Reputation: 21
I have very important question cause I must make a presentation about map-reduce. My Question is:
I have read that the file in map-reduce is divided into blocks and every blocks is replicated in 3 different nodes. the block can be 128 MB is this Block the input file? i mean this 128 MB block will be Splitting into parts and every part will go to single map? if yes so this 128 MB will be divided into Which Size? or the File breaks into blocks and this blocks is the input for mapper I'm little bit confused.
Could you see the photo and tell me which one is right.
Here HDFS File is divided into blocks and every singel block 128. MB will be as input for 1 Map
Upvotes: 2
Views: 557
Reputation: 419
HDFS stores the file as blocks and each block is 128Mb in size (default). Mapreduce processes this HDFS file. Each mapper processes a block (input split). So, to answer your question, 128 Mb is a single block size which will not be further split.
Note : input split size used in mapreduce context is logical split, whereas the split size mentioned in the HDFS is physical split.
Upvotes: 1
Reputation: 858
Let's say you have a file of 2GB and you want to place that file in HDFS, then there will be 2GB/128MB = 16 blocks and these block will be distributed across the different DataNodes.
Data splitting happens based on file offsets. The goal of splitting the file and store it into different blocks, is parallel processing and fail over of data.
Split is logical split of the data, basically used during data processing using Map/Reduce program or other data-processing techniques in Hadoop. Split size is user defined value and one can choose his own split size based on the volume of data(How much data you are processing).
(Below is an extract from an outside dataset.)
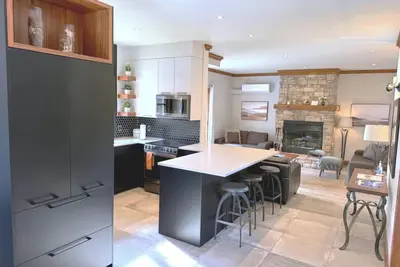 Image de Luxe Renove Maison de vacances 3 chambres au pied des pistes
Split is basically used to control number of Mapper in Map/Reduce program. If you have not defined any input split size in Map/Reduce program then default HDFS block split will be considered as input split. (i.e., Input Split = Input Block. So 16 mappers will be triggered for a 2 GB file). If Split size is defined as 100 MB (lets say), then 21 Mappers will be triggered (20 Mappers for 2000MB and 21st Mapper for 48MB).
Hope this clears your doubt.
Upvotes: 1